I believe it is the same behaviour that leads to the omission of the confidence intervals for the intercepts in broom:::tidy.polr()
.
> # more efficient mira
> fit.with <- dff %>%
+ map(~.x %>%
+ with(MASS::polr(as.factor(sbq_1) ~ age + gender + ethnicity, Hess = TRUE)))
>
> # same issue
> fit.with[[1]] %>% broom:::tidy.polr(conf.int = TRUE)
# A tibble: 6 × 7
term estimate std.error statistic conf.low conf.high coef.type
<chr> <dbl> <dbl> <dbl> <dbl> <dbl> <chr>
1 age -0.0431 0.0262 -1.65 -0.0964 0.00707 coefficient
2 gender 1.02 0.604 1.68 -0.162 2.22 coefficient
3 ethnicity -2.01 1.44 -1.39 -5.35 0.737 coefficient
4 1|2 -4.94 3.10 -1.59 NA NA scale
5 2|3 -3.50 3.07 -1.14 NA NA scale
6 3|4 -2.63 3.06 -0.860 NA NA scale
It's definitely not related to mice
.
@gerkovink Thanks for the explanation. Now it makes sense why this error occurs. I am wondering if there is any workaround so that I can fit an ordinal regression and then still be able to do a stepwise model selection on multiply imputed datasets?

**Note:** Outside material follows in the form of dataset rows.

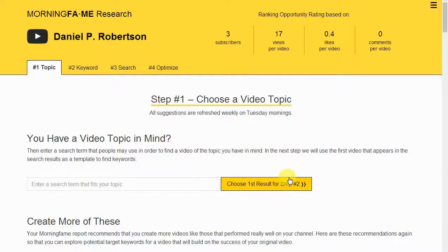If you want to grow on YouTube, we need to understand how to do video SEO for YouTube, and I'm going to show you how to do that in this video today. It's Daniel P. Robertson here, and if you want to grow your audience, increase your influence, and get life-changing results with affiliate marketing, make sure to subscribe and hit the bell icon to get alerted of any content I put out.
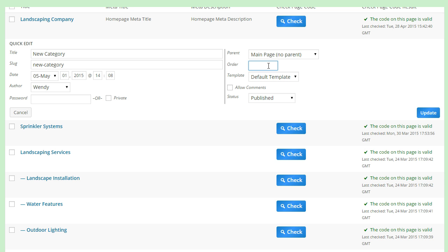You can easily add them in as 11, 12, or 13, rather than going back and renumbering all your pages to make room for the new one.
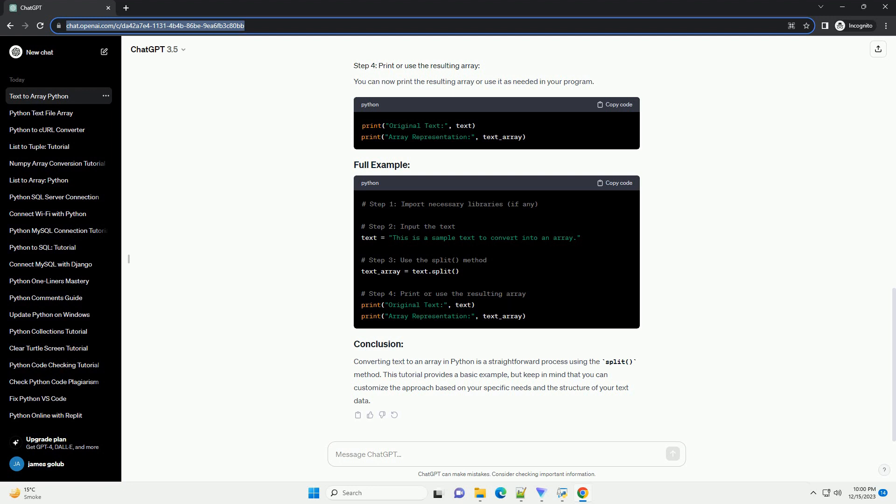Converting text to an array in Python is a straightforward process using the split method. This tutorial provides a basic example, but keep in mind that you can customize the approach based on your specific needs and the structure of your text data.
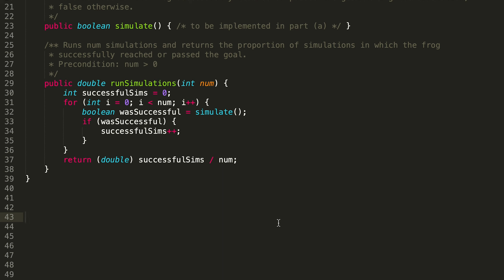Here's what our runSimulations method looks like: we initialize a variable to track successful simulations, we have a for loop from 0 to num, we run the simulate method and check if the frog reached or surpassed the goal, we increment successfulSims if successful, and after the loop we cast successfulSims to a double to prevent integer division and divide by the total number of simulations to get the proportion. That should be it for this problem — feel free to leave questions below and I hope you have a great rest of your day.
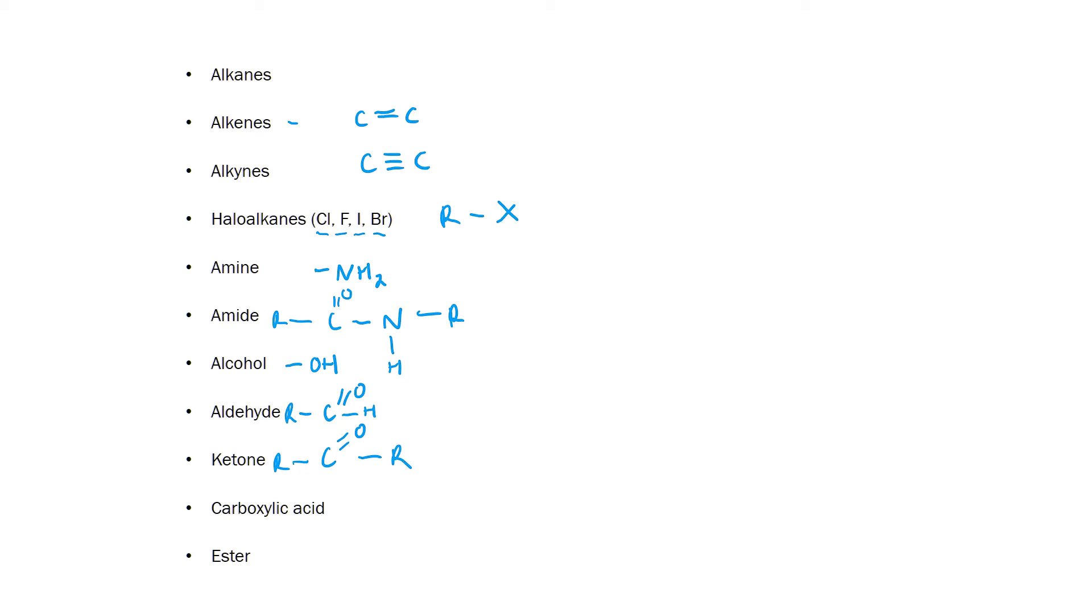Carboxylic acids you've probably also seen. They are merely a C double bond O with an alcohol attached as well.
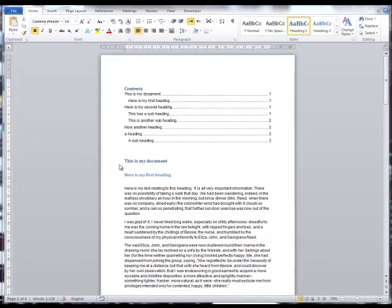The great thing about a table of contents in Word is that you are able to update it to reflect any changes that you make within the document. In a large document, updating the entire table might be time consuming as all the details are refreshed. So if only the page numbers have changed, you have the option to update the page numbers only.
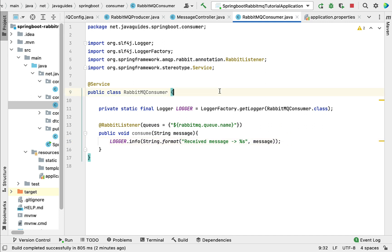This is how we create a RabbitMQ producer and consumer to exchange messages using a RabbitMQ broker. I hope you understood how to create a RabbitMQ producer and consumer in a Spring Boot application to exchange messages using the RabbitMQ broker. I will see you in the next lecture.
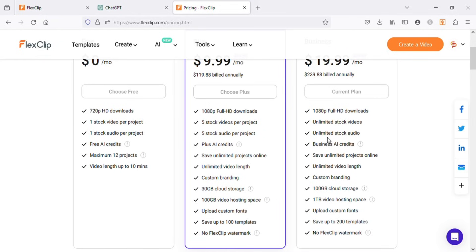If you use code CP30 at checkout, you will get a discount of 30% on their both plans. Now let's watch our exported video to see the results.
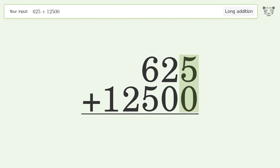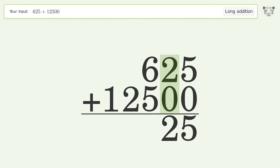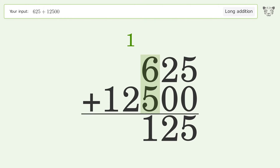5 plus 0 equals 5. 2 plus 0 equals 2. 6 plus 5 equals 11 — carry 1 to the thousands place.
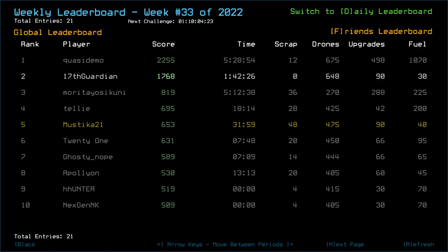Greetings fellow scavengers, welcome back to Dusker's Weekly Challenge for week 33 of 2022. This is currently episode 2 of Tanks. Apparently QuasiDemo keeps amping up their score, along with Morita Yusikuni as well.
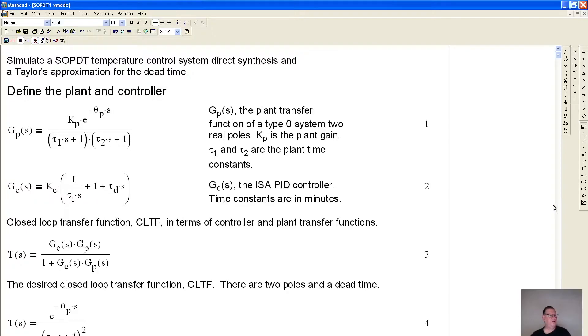Hello, this video is about controlling a second-order plus dead time system with a very long dead time, and without using a Smith predictor.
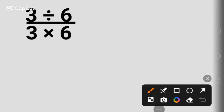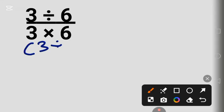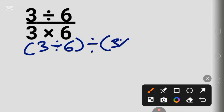Hey, we have a cool maths question here — let's solve it together. We have parentheses 3 divided by 6 as the numerator, divided by parentheses 3 times 6 as the denominator.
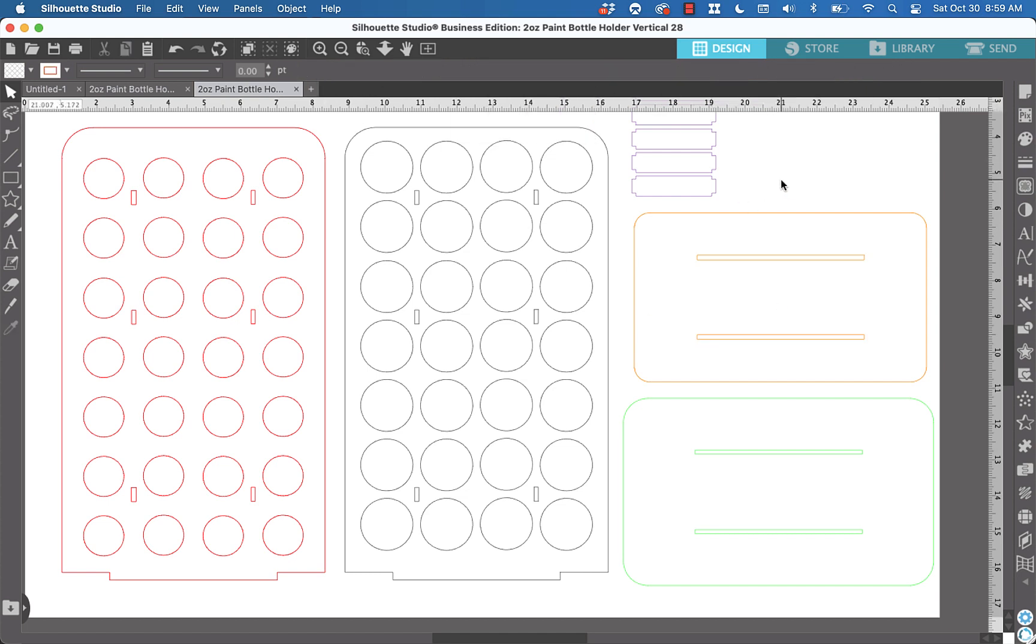And that's all it takes to change slots in Silhouette Studio Business Edition. Let me know if you have any questions or if I can improve on this in any way. I'd be happy to help.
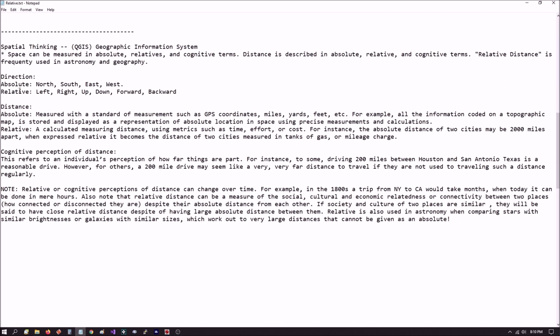I had documentation here on the QGIS app. A couple of things they mentioned is spatial thinking. Space can be measured in absolute, relative, and cognitive terms. So distance is also described in absolute, relative, and cognitive terms. An interesting side note is relative distance is frequently used in astronomy and geography.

Hi, and thanks for adding! I think @gerkovink is correct that this is due to the inconsistent return values of coef()
and vcov()
(from MASS::polr
). For mitml
, I just pushed a fix that extracts the coefficients from the summary()

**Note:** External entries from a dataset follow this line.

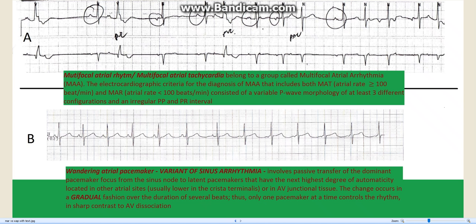Hello, this is Arnold Carmona of EKG Rhythms. In this short blog I will show you the difference between wandering atrial pacemaker and multifocal atrial rhythm.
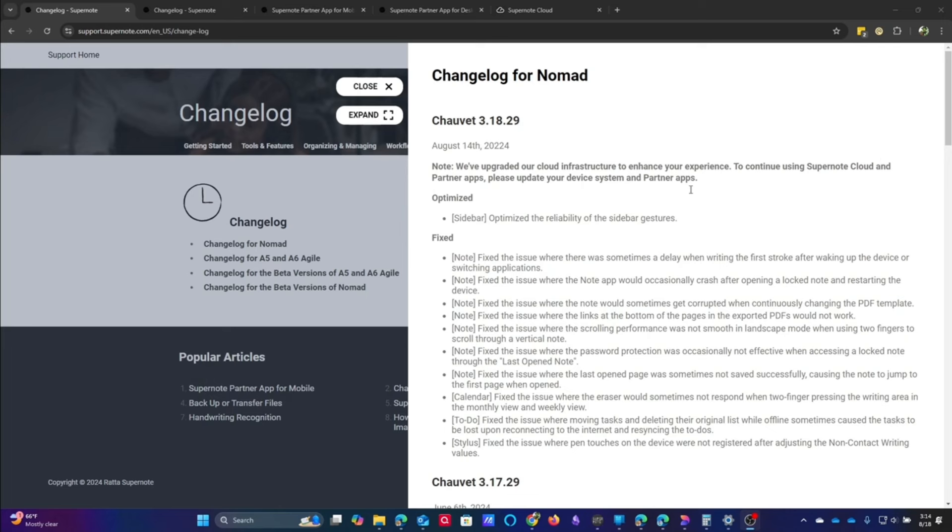Obviously, right here, they fixed the issue where there was sometimes a delay when first writing a stroke after you wake up the device or switching applications. Also fixed an issue where the Note app would occasionally crash after opening a locked Note and restarting the device. Fixed an issue where the Note would sometimes get corrupted when continuously changing the PDF template.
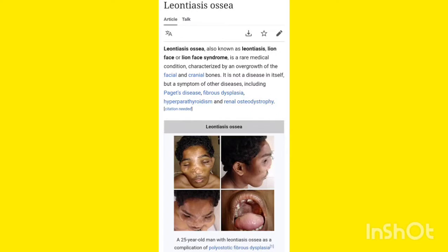So what is Leontiasis Ossea? Leontiasis Ossea is also known as Lion Face Syndrome. You can see in the picture — the patient has a face just like a lion, and that is why it is known as Lion Face Syndrome. The term 'leontiasis' means lion-like face, and 'ossea' refers to the bones — so together it means lion-like bony face.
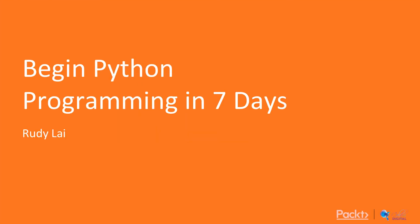Hi, and welcome to Begin Python Programming in 7 Days. My name is Rudy, and this is a course by Packt Publishing.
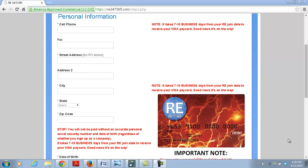When you succeed in RE, you're in business for yourself but you're not by yourself. We're here to help you. When you succeed, you're happy, you make money, we're happy. If you don't make any money, you're not happy, there's an issue, we're not happy.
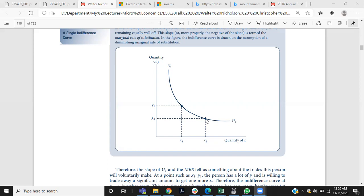Indifference curves have certain properties. Indifference curves are negatively sloped, due to the law of diminishing marginal rate of substitution. Indifference curves are convex from the origin — we will be talking about why we consider indifference curves to be convex from the origin. Indifference curves don't intersect each other; if we take more than one indifference curve, they don't intersect. Why this property is necessary we will be talking about shortly.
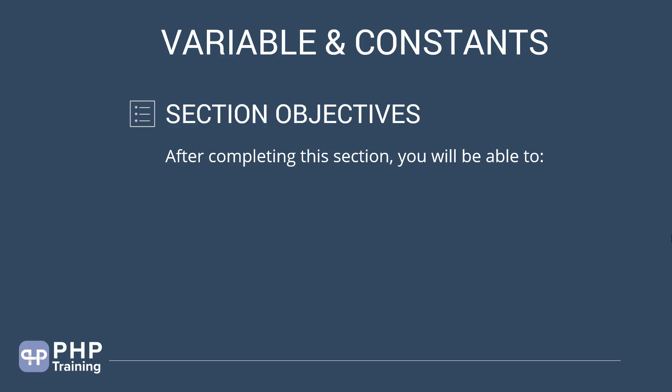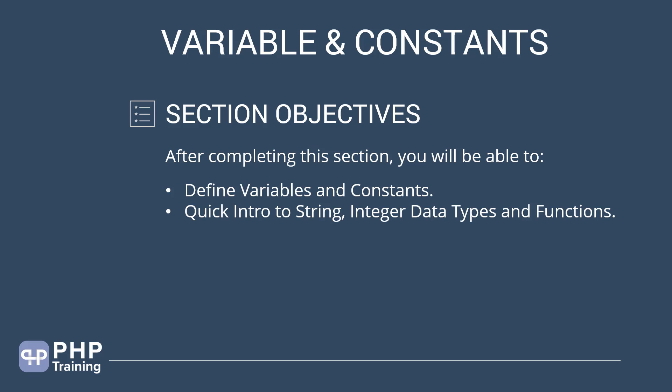After completing the section, you will be able to define variables and constants.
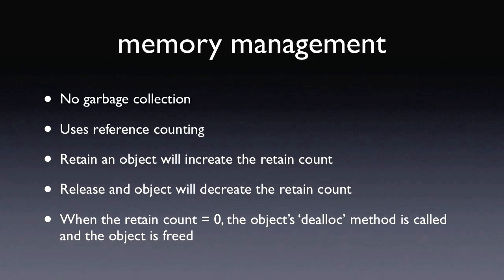The iPhone doesn't use garbage collection, it uses a reference counting system. If you want to keep a reference to an object, you have to manually call the retain method on that object.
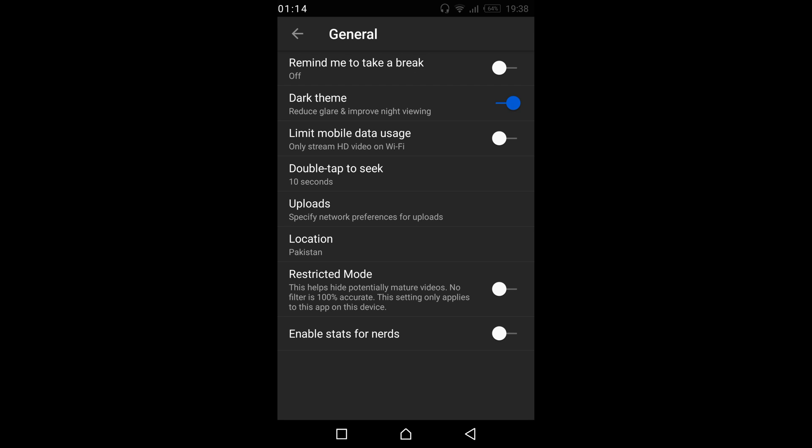Now what you need to do is here we have Restricted Mode. It says this helps hide potentially mature videos. No filter is 100% accurate. This setting only applies to this app on this device.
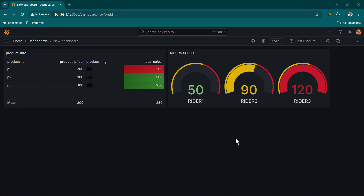In this lesson we are going to talk about gauge panels. You can see on the screen I have already created a gauge panel. Gauge panels are quite useful when you want to show values within some range — for example, riders on motorbikes at speeds from 0 to 120 kilometers per hour. You can also use gauge panels to show temperatures for different countries and categorize them as cold, hot, or extremely hot. Basically, anything that involves a range can use gauge panels.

instead, which seems to make this more consistent and should allow pooling parameters and model comparisons (with D1, D2, and D4). For mice
, this would probably need to be changed in broom
.
Thanks @simongrund1. mice
already pools the MASS::polr()
models correctly.
I believe this can be closed now.
Gerko, Simon, thanks for chiming in!